Blog author:
Ketvin | Posted on: 9/19/2012 | Category:
Others Blogs | Views: 504 | Status:
[Member] |
Points: 75
|
Alert Moderator
Out of the box, SharePoint provides a mechanism for excluding publishing
pages from the search index by any number of criteria, but what if you
want to exclude only parts of a page? This becomes useful when you have
content on numerous pages that contains common keywords.
For Example, In Our Production site we have master page and in this
master page , Header , Left Navigation and footer for the Pages.

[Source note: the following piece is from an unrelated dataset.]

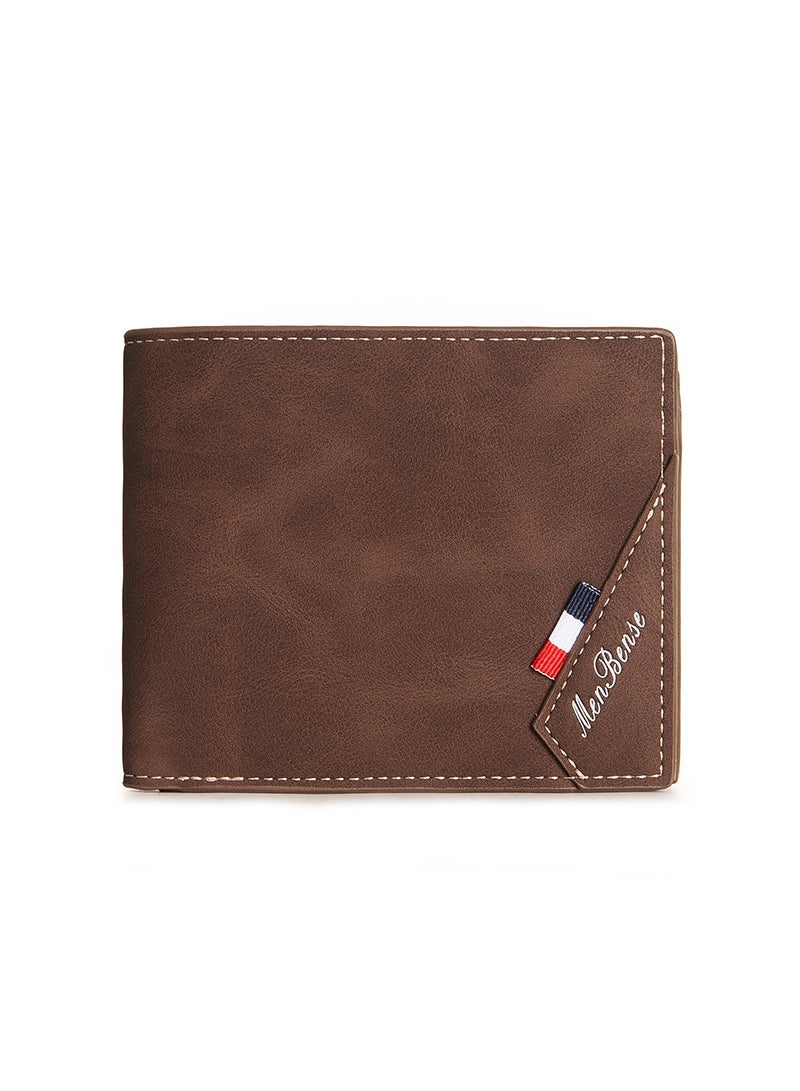 Business Men's Wallet Short Wallet Card Holder Document Bag 12*9.5*1.5cm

So when someone performs a search for "Careers" they will get back every
page in your site, instead of just the Careers and related Careers
pages. To prevent this, we needed a way to keep SharePoint from
indexing that content when it's performing a crawl.
Web Control
We decided that a System.Web.UI.WebControls.Panel control would be a
good model to build my control on. It allows you to easily drop it in
the page layout using SharePoint Designer, and you can put other html
and controls within it. I didn't want to inherit from the Panel control
though, because it adds unwanted 'div' tags to the rendered output.
The key to the Panel control's behavior are the following two attributes
on the class:
[ParseChildren(false), PersistChildren(true)].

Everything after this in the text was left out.